▸ Work request: Reproduce word for word the lines between those holding "Virtual Pet Therapy #17" and "白黒の目のアートワーク ポストカード (正面/裏面)", inclusive, and nothing else from the data below.

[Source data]
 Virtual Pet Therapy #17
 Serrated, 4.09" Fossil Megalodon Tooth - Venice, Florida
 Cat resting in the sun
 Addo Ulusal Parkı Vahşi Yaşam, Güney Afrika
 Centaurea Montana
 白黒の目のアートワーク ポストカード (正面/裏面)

* * *

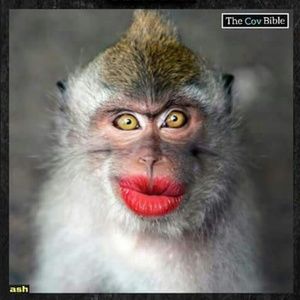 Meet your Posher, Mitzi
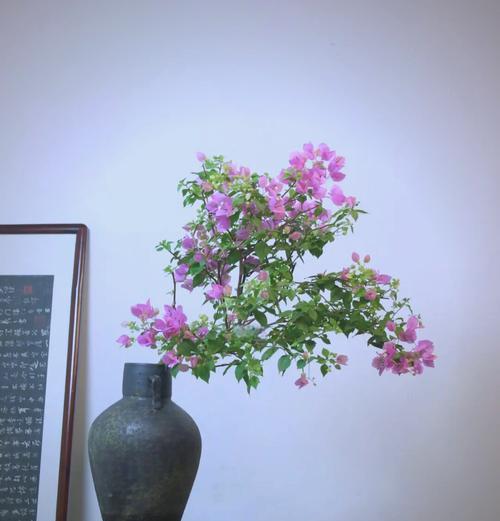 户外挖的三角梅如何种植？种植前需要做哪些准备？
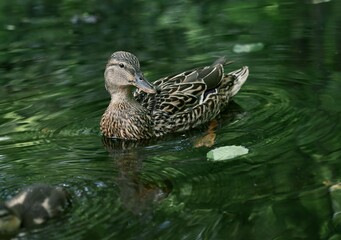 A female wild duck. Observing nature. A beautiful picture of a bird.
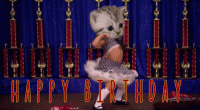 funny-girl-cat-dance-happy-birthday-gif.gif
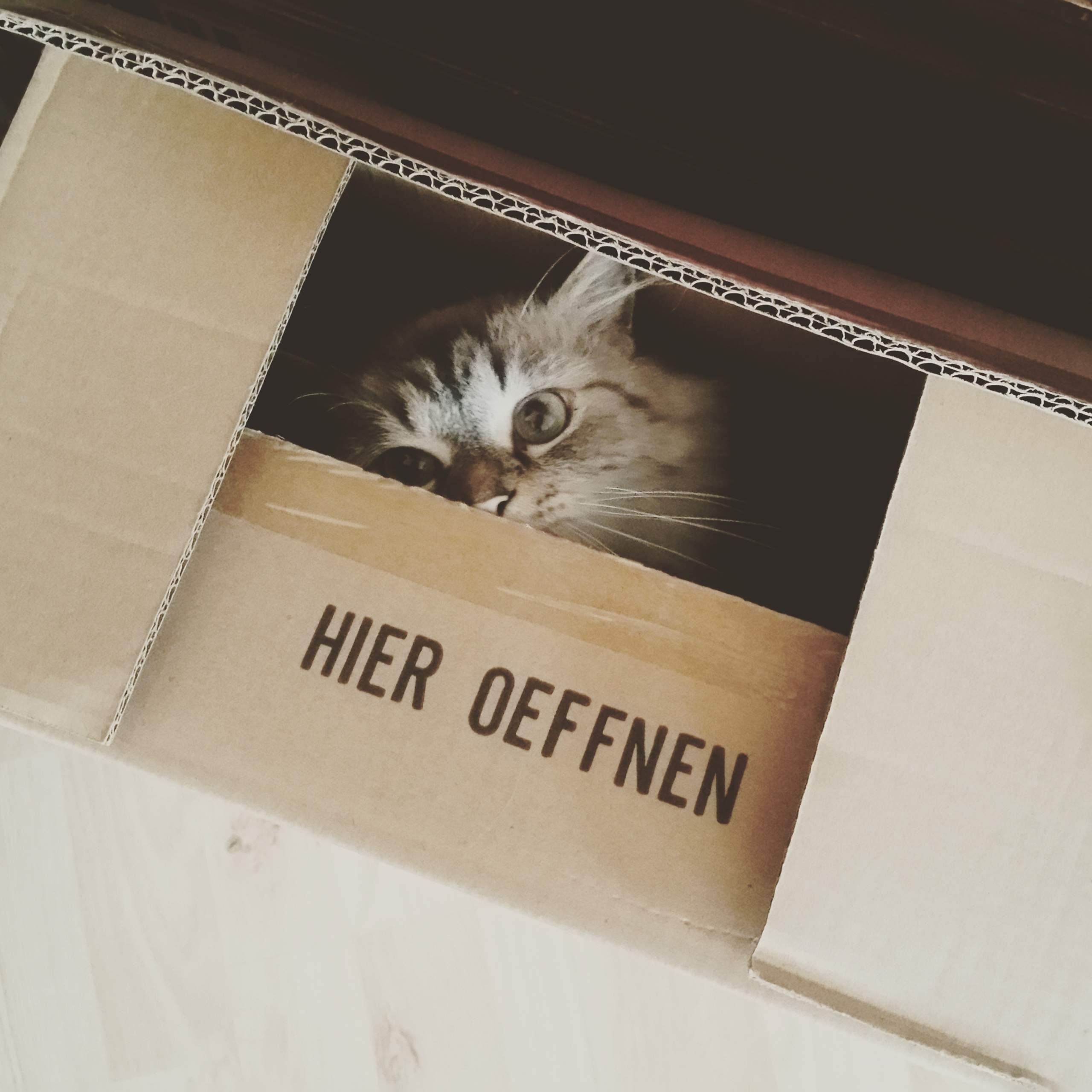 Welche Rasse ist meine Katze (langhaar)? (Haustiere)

▸ Output below:
 Virtual Pet Therapy #17
 Serrated, 4.09" Fossil Megalodon Tooth - Venice, Florida
 Cat resting in the sun
 Addo Ulusal Parkı Vahşi Yaşam, Güney Afrika
 Centaurea Montana
 白黒の目のアートワーク ポストカード (正面/裏面)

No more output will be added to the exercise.